Minoranza che ci tiene assai a smentire di essere coinvolta o interessata al rimpasto, sia per le Infrastrutture che per altre poltrone: tra i boatos di ogni genere che circolano, c'è un'ipotetica offerta del ministero dell'Istruzione a Gianni Cuperlo, e persino di quello (che non c'è e che non ci sarà) delle Pari opportunità alla teodem ex Margherita-ex Pd-ex Fi ora Ncd Dorina Bianchi.

Chiacchiere in libertà, dicono i renziani. È Renzi, assicura invece un dirigente della minoranza, a «mettere in giro voci su offerte di ministeri ai bersaniani piuttosto che a Cuperlo far vedere che lui è generoso e noi pregiudizialmente ostili». Il premier, in verità, non esclude affatto l'ipotesi di dare la delega alle Infrastrutture a un Pd non renziano, ma i nomi scarseggiano. È escluso il capogruppo Roberto Speranza, che preferisce stare al suo posto: «Non ci penso affatto», assicura, ricordando di aver già rifiutato un ministero agli esordi del governo. E d'altronde per Renzi sarebbe un problema non da poco sostituirlo con un capogruppo a lui vicino: il candidato più attrezzato sarebbe Roberto Giachetti, ma in casa renziana si spiega che sarebbe difficilissimo sostituirlo alla vicepresidenza della Camera, dove è assai prezioso. Dalla minoranza si esclude come possibile ministro anche Matteo Mauri, nome circolato nei giorni scorsi: «Ma siamo matti? Era uno stretto collaboratore di Maurizio Martina, che è già ministro: diamo due dicasteri alla Lombardia, dove abbiamo i voti che abbiamo?», sbotta un bersaniano del Sud.

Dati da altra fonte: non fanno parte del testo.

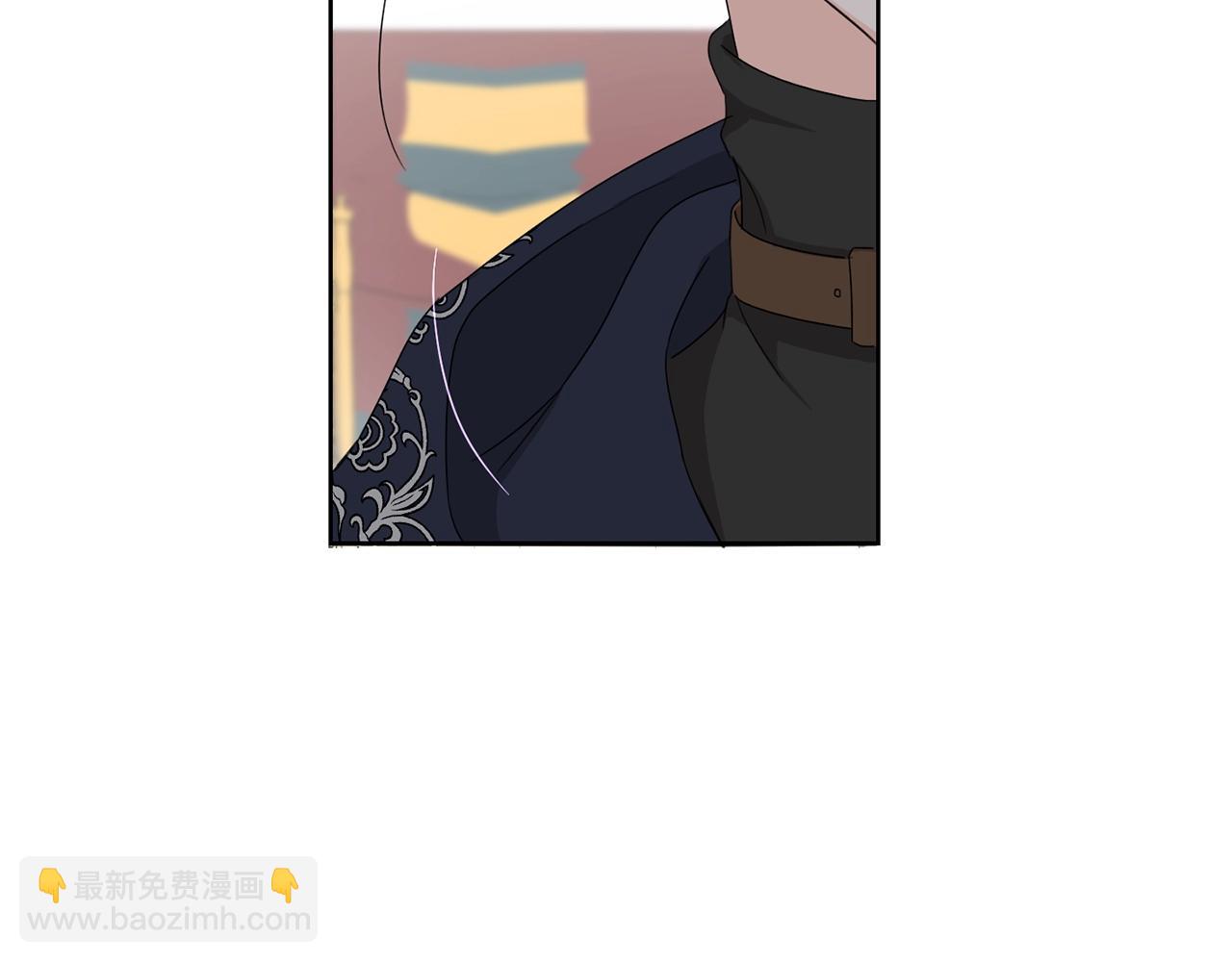 第14话 我被淘汰了？(1/3)-第15话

Una cosa sembra certa: se la sostituzione di Lupi fosse «interna» (si è parlato di Graziano Delrio e dello stesso Luca Lotti) sarebbe già stata fatta. Invece Renzi non vuole toccare la «cabina di regia» di Palazzo Chigi, che dopo il rodaggio ha dimostrato di funzionare bene, privandosi di collaboratori chiave. Dunque, mentre Ncd continua a reclamare la poltrona lasciata da Lupi (senza però avanzare candidature), l'ipotesi della soluzione «tecnica» via magistrati (leggi Gratteri) è tutt'altro che sparita dai radar.